-- Work item --
What is needed is an exact reproduction of the lines in the records below, starting at the line with "Universe Dental" and ending at the line with "Предметная фотосъёмка, food", both included, and nothing else; pictures stay out.
─── Records for this task ───
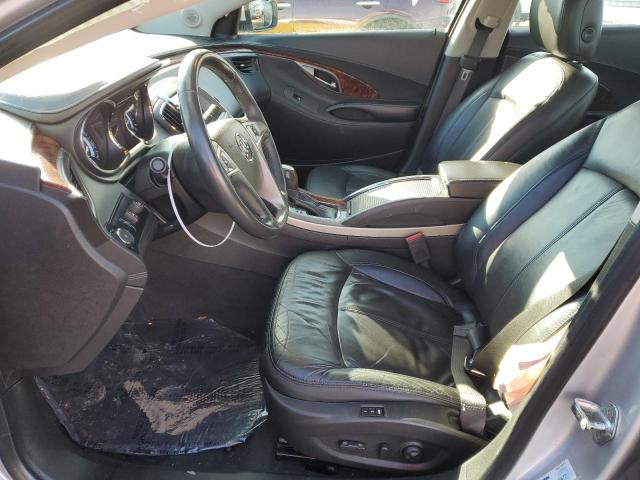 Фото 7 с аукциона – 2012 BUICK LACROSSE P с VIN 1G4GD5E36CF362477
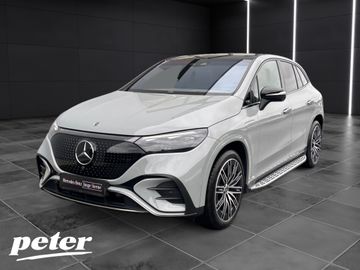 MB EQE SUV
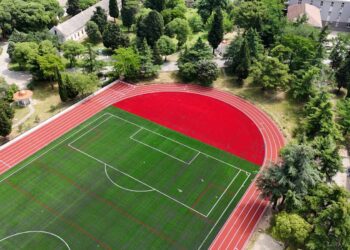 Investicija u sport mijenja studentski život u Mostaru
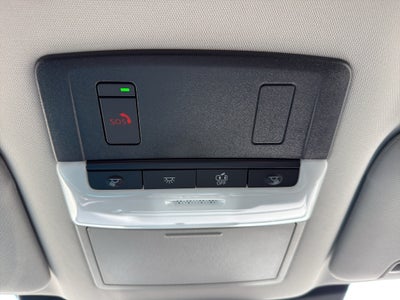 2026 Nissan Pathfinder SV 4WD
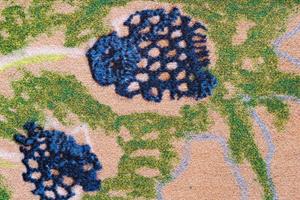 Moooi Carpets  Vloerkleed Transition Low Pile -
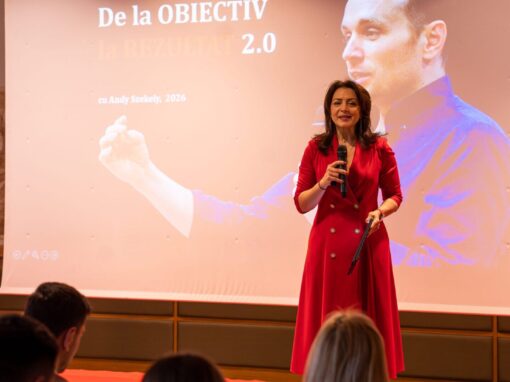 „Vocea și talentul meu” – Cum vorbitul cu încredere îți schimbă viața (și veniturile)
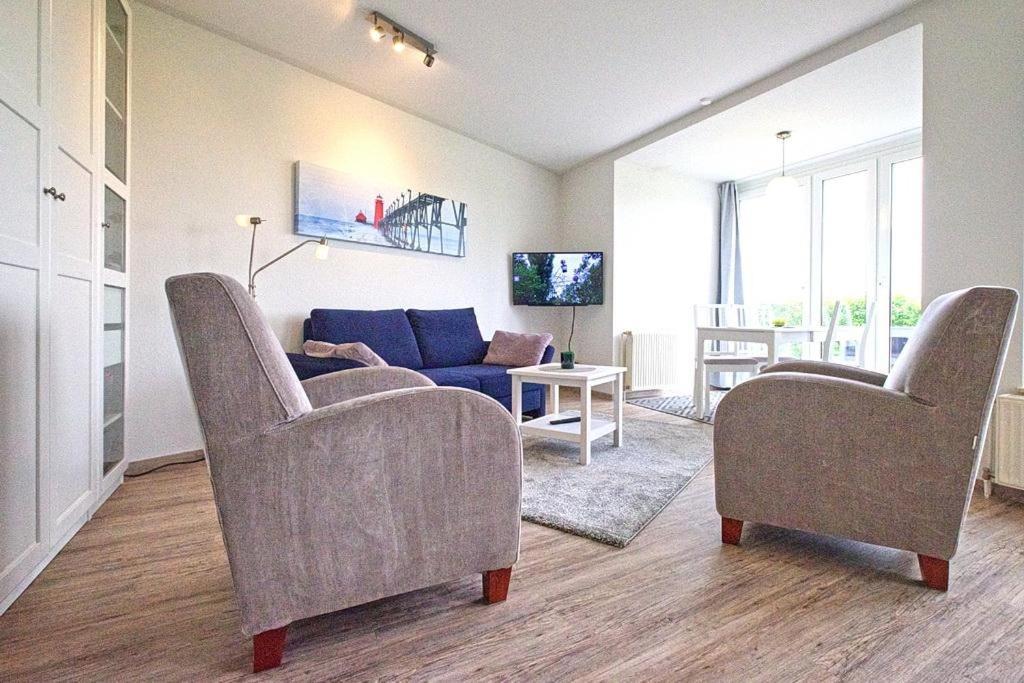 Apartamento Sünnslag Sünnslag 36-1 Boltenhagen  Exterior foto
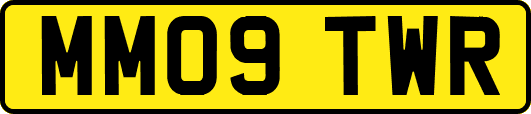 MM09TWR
───
─── Records for this task ───
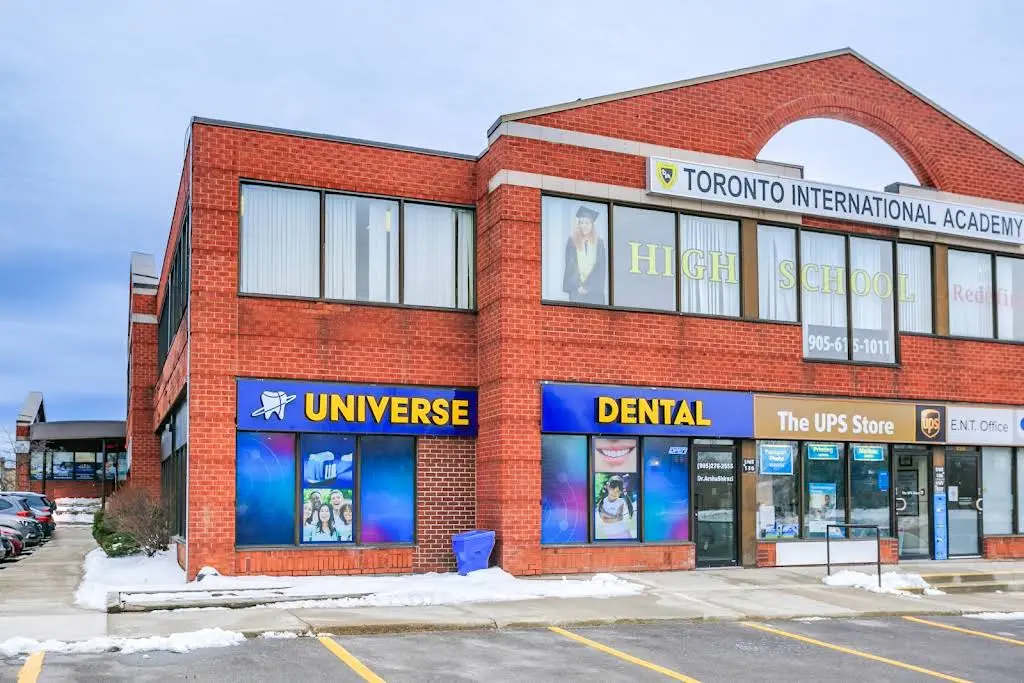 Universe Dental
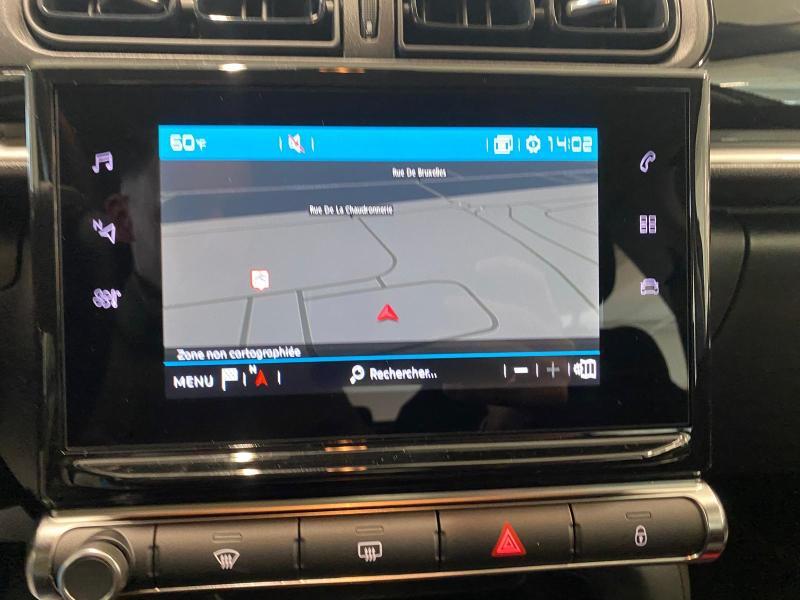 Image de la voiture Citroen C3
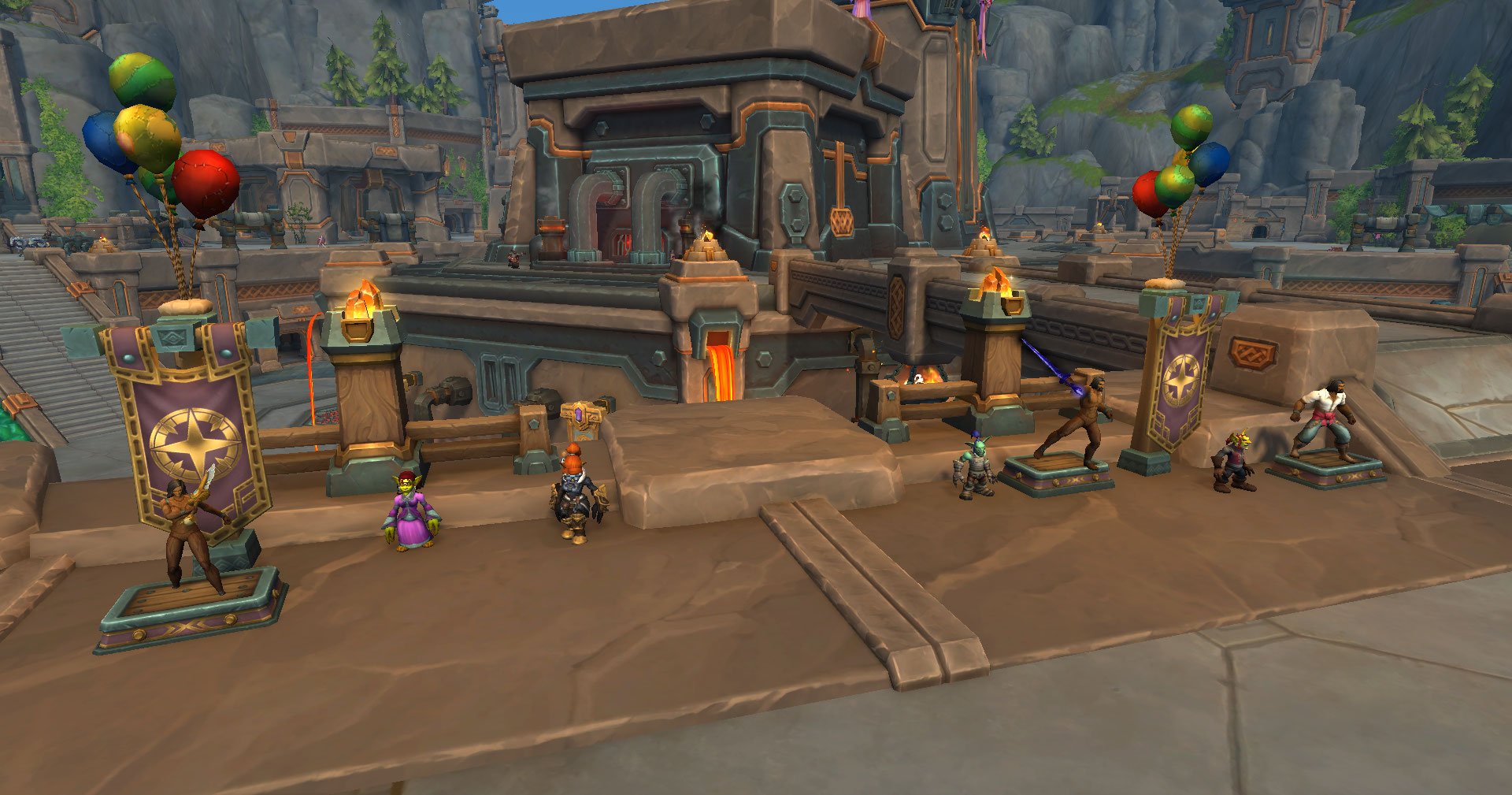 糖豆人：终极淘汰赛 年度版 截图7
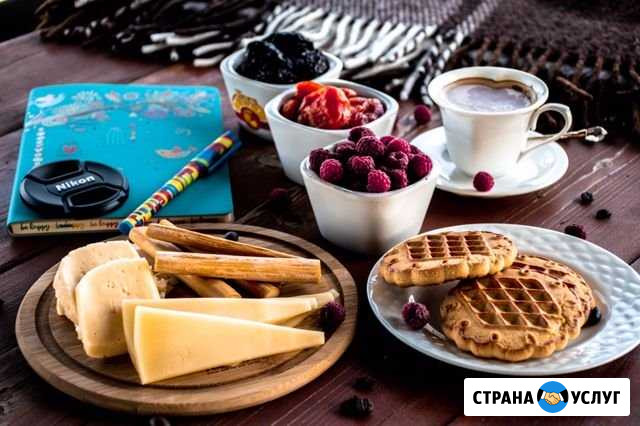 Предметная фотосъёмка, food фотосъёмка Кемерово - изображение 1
───
─── Records for this task ───
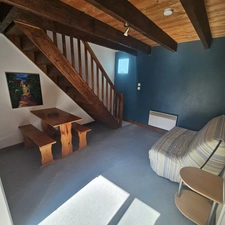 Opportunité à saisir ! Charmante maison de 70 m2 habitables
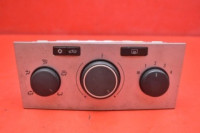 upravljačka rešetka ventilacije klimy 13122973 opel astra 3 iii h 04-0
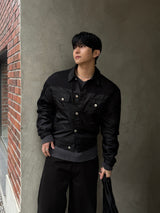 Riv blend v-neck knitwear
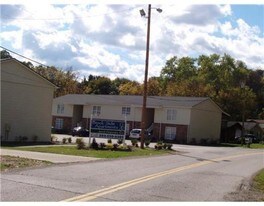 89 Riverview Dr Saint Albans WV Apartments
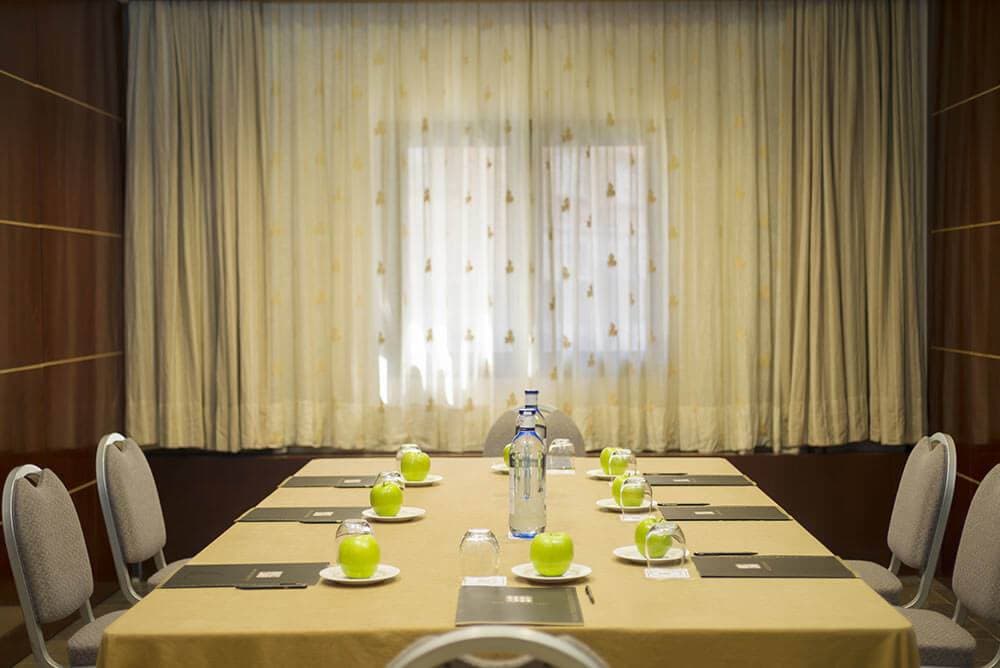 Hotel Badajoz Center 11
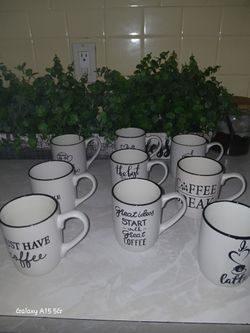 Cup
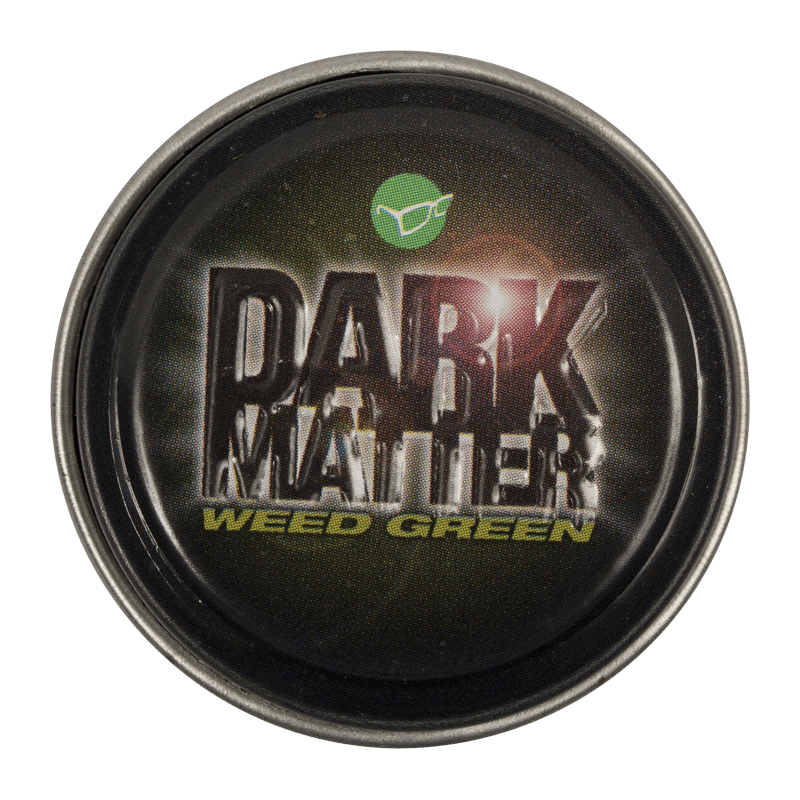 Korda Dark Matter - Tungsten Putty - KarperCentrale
───
-- Reply --
 Universe Dental
 Image de la voiture Citroen C3
 糖豆人：终极淘汰赛 年度版 截图7
 Предметная фотосъёмка, food фотосъёмка Кемерово - изображение 1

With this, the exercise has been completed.